Ik denk dat het belangrijk is dat je degene, die onder handoplegging voor je wilt bidden, kent en door die persoon gekend wordt. Daarom verbaast het me ook dat veel genezingsdiensten bijna alleen maar door parakerkelijke organisaties, zoals bepaalde stichtingen en rondreizende genezers of door landelijke grote conferenties, georganiseerd worden. Hiermee vergroot je namelijk de kans dat degene, die tijdens het gebed jou de hand wilt opleggen, iemand is waar jij persoonlijk helemaal niks van weet en die jij niet kent. Dit betekent dat jij de organisatie van deze genezingsdienst moet vertrouwen, dat hun vrijwilliger of de spreker, die jou de handen oplegt, jou een honderd procent zuivere impartatie van de Heilige Geest meegeeft. En in welke mate kunnen zij die garantie écht bieden?
Voorstander
Om even heel duidelijk te zijn. Ik ben absoluut een voorstander van handoplegging tijdens gebed. Hoe en waarom dit werkt, begrijp ik niet. Ik geloof echter dat God Zijn zegen en kracht aan de ander wilt overdragen door het lichamelijke contact tussen twee christenen. Maar ik pleit ervoor dat we dit binnen de veilige setting van de gemeente of binnen de veilige setting van het gezin of van vriendschappen laten gebeuren. Waar je de ander kent. Waar je weet wat zijn of haar wandel met de Vader is. Waar je de vrucht aan de boom van de ander kan herkennen. Waar jij je geheel onbevangen open kunt stellen voor de geestelijke zegen, kracht en gaven via het gebed van handoplegging door de ander.
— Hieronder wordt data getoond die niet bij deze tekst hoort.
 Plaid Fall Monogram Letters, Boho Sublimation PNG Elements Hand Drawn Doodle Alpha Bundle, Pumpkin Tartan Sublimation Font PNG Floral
Hoe weet je nu of het veilig is om jezelf open te stellen voor gebed met handoplegging van de ander? Een mogelijke vraag die jij jezelf zou kunnen stellen, is: “Ben ik bereid om mijn pincode en mijn pinpas, ja zelfs mijn tandenborstel uit te lenen aan die persoon, die nu zijn of haar handen op mij wil leggen?” Dit klinkt misschien een beetje als een spottend voorbeeld, maar zo bedoel ik het niet. Deze vraag is een grappige karikatuur, die ons helpt iets te voelen van de intimiteit die gepaard gaat met handoplegging.
Ken je deze persoon voldoende en heb je genoeg objectieve kennis over deze persoon waarop je vertrouwen gebaseerd is? Of is het meer gebaseerd op een idealisering van deze persoon als een ‘man of vrouw Gods’? Als je antwoord op deze eerste vraag ‘ja’ is, laat het zien dat je deze persoon kent en vertrouwt. Als je deze persoon niet je pincode, laat staan je tandenborstel toe vertrouwt, waarom zou jij je dan wel openstellen in je geestelijk leven voor de impartatie, die hij of zij aan jou wilt overdragen?
(Uit respect voor de overtuiging van mijn charismatische vrienden heb ik het woord ‘Geest’ in dit artikel consequent met een hoofdletter geschreven. Ik ben mij er echter van bewust dat iets met een hoofdletter schrijven geen automatische garantie biedt dat het ook altijd 100% om de Heilige Geest gaat. Ik vermoed dat er soms een vermenging kan plaatsvinden tussen Gods Geest, onze menselijke geest en in bepaalde gevallen zelfs met een verkeerde geest.)